LREDA now actively participates in the distribution of ECCODiva lamps which works on a sustainable No-Subsidy model. It actively promotes the product using radio and other modes of communication and awareness creation. ECCO has also trained LREDA Technical team and Service agency TRECC to service various types of ECCODivas. These lamps are sold with the help of LAHDC Councilors to end-users at a bulk purchase price negotiated by LREDA.
This was one of the greatest success stories of ECCODiva where the major role was played by Jigmet Tapka, Director of LREDA and Reuben Gergen, Chief Engineer at LREDA. Their efforts brought a ray of hope in the lives of Leh people through an ECCO Product ECCODiva. ECCO Elecronics founder R S Baoni was very proud that through this product solution ECCO could take its first step towards its vision and mission. Baoni said “the success of ECCO’s products is directly related to the people and their need and the biggest success is to achieve an overwhelming response and a smile on the end users face which is more than any cost or profit”. About 30,000 ECCODIVA currently provides lighting and power to over 10,000 families in Leh during the peak winters when there is no power due to rivers freezing!

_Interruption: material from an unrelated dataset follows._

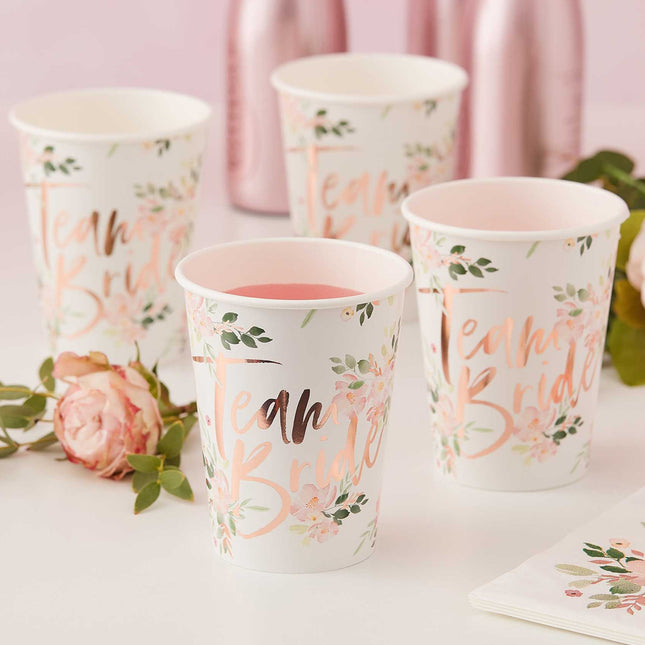 Vier witte bekertjes met bloemenprint en rose gouden tekst met Team bride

MNRE Secretary Ratan Watal reportedly tells everyone that the Ladakh project is the only successful solar lighting project in the country.
Ecco Electronics Chairman Satish Jha says that its a unique example of state policy on solar lighting being determined at the grassroots by the people and its a great example of how people can begin to participate in policy making by using the language they know best, that of standing up for what they feel is good for them.